Please see the diagram below for reference. enter image description here

Loui
  • 533
  • 17
  • 33
  • 1
    This is not possible. Amazon SQS only enables one consumer to read a message. Something like different consumer groups in Kafka is not available in SQS. If you want something like this, you should use SNS together with several SQS instances. – jAC Jul 13 '21 at 14:25
  • Does this answer your question? [Using Amazon SQS with multiple consumers](https://stackoverflow.com/questions/30296587/using-amazon-sqs-with-multiple-consumers) – jAC Jul 13 '21 at 14:31
  • ya, I read that Amazon SQS only enables one consumer to read a message, but how does messaging work with services that have multiple instances running? – Loui Jul 13 '21 at 14:33
  • 1
    If you have multiple instances of one application, it is ensured that at least one of those instances receives and handles the message but it is not guaranteed which instance it is. The question is, why do you need this? It seems to be that you're fixing an issue which is not really the fault of SQS. – jAC Jul 13 '21 at 14:57
  • no i am not fixing any issue, due to present limitation we have to get the message delivered to all the running instances. Therefore, i wanted to see the possibilities. – Loui Jul 13 '21 at 17:51
  • You appear to be confusing Amazon SNS (publish-subscribe) with Amazon SQS (push into queue, pull from queue). – John Rotenstein Jul 13 '21 at 22:59
  • @Loui So you're fixing another issue. The issue is that your using a scalable/microservice(?) architecture without considering things like statelessness. You should think about using a centralized cache or something similar to avoid such issues. This is not an issue about SNS/SQS but about your system design so you should try to fix that instead. – jAC Jul 14 '21 at 06:14

3 Answers3

2

While your message may appear to be read in a round robbin fashion, they are not actually consumed in a round robin. SQS works by making all messages available to any consumer (that has the appropriate IAM permissions) and hides the message as soon as one consumer fetches the message for a pre-configured amount of time that you can configure, effectively "locking" that message. The fact that all of your consumer seem to be operating in a round robin way is most likely coincidental.

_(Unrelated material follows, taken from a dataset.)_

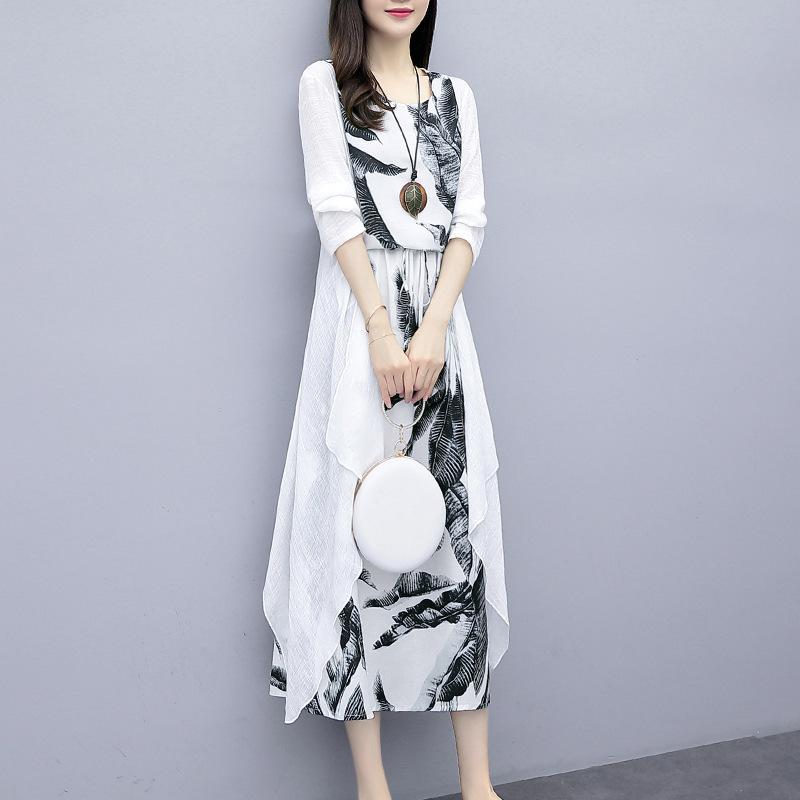 Dress Loose Fitting Ethnic Painting Two Piece Set Knee High Skirt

As others have mentioned you could use SNS instead of SQS to fanout messages to multiple consumers at once, but that's not as simple a setup as it may sound. If your service B is load balanced, the HTTP endpoint subscriber will point to the Load Balancer's DNS name, and thus only one instance will get the message. Assuming your instances have a public IP, you could modify your app so that it self-registers as an HTTP subscriber to the topic when the application wakes up. The downsides here are that you're not only bypassing your Load Balancer, you're also losing the durability guarantees that come with SQS since an SNS topic will try to send the message X times, but will simply drop the message after that.

An alternative solution would be to change the message hiding timeout setting on the SQS queue to 0, that way the message is never locked and every consumer will be able to read it. That will also mean you'll need to modify your application to a) not process messages twice, as the same message will likely be read more than once by the time it has finished processing and b) handle failure gracefully when one of the instance deletes the message from the queue and other instances try to delete that message from the queue after that.

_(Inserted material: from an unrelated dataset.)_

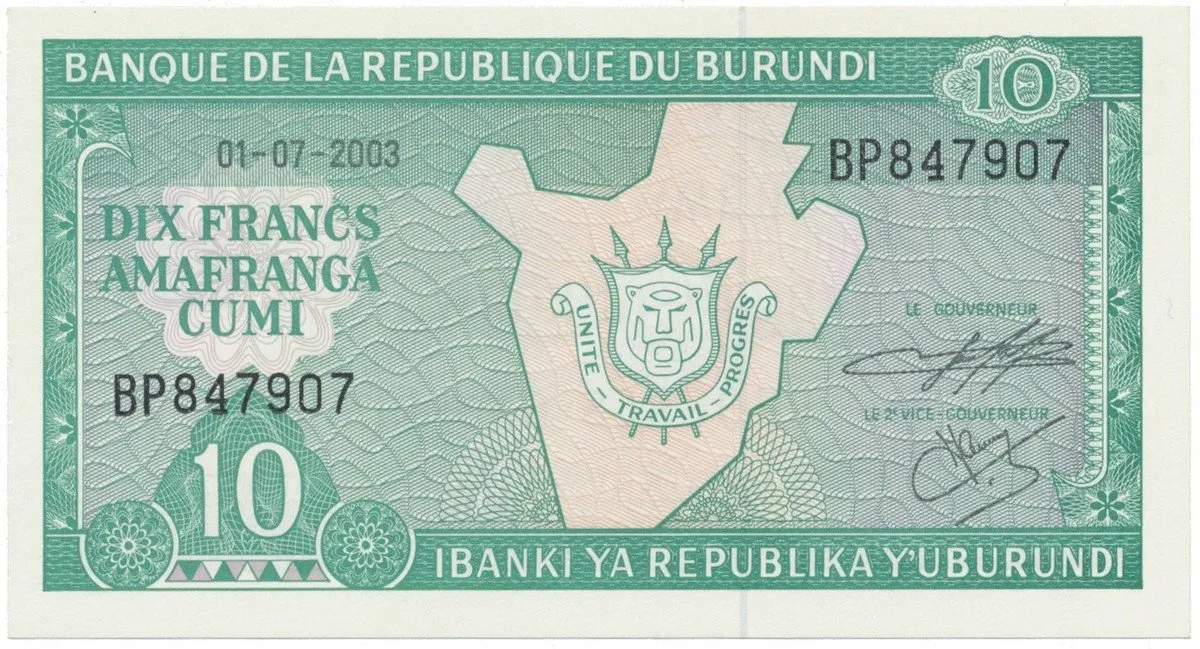 Burundi, 10 Francs 2003~2005, P.33d-e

Alternatively, you might want to use some sort of service mesh, or service discovery mechanism so that instances can communicate between each other in a peer-to-peer fashion so that one instance can pull the message from the SQS queue and propagate it to the other instances of the service.

You could also use a distributed store like Redis or DynamoDB to persist the messages and their current status so that every instance can read them, but only one instance will ever insert a new row.

Ultimately there's a few solutions out there for this, but without understanding the use-case properly it's hard to make a hard recommendation.

William Perron
  • 1,288
  • 13
  • 18
  • If you go the route of a single SQS queue and set the queue's visibility timeout to zero, which instance of service B deletes the message from the SQS queue? You're going to need some additional coordination. Also, each message will remain until the very last consumer (however you determine that) deletes it, which couples the consumers. – jarmod Jul 13 '21 at 15:09
  • Absolutely, it's definitely not what I would choose to use, but it is a possibility – William Perron Jul 13 '21 at 16:01
  • @WilliamPerron this is really a great answer, thanks for providing various possibilities, helps me to think more. what exactly do you want to know more about the use-case? does my comment from the above section provides your more insights? – Loui Jul 13 '21 at 18:17
  • Well I'd need to know it's an issue that a single instance process each message. Is it session data? is it something that needs to be read immediately, or processed asynchronously? is it kept in memory, or written to a local disk? When you get into these architecture decisions, the answer is always "it depends" and without knowing all the constraints it's hard to make a concrete recomendation. – William Perron Jul 13 '21 at 19:05
1

Implement message fanout using Amazon Simple Notification Service (SNS) and Amazon Simple Queue Service (SQS). There is a hands-on Getting Started example of this.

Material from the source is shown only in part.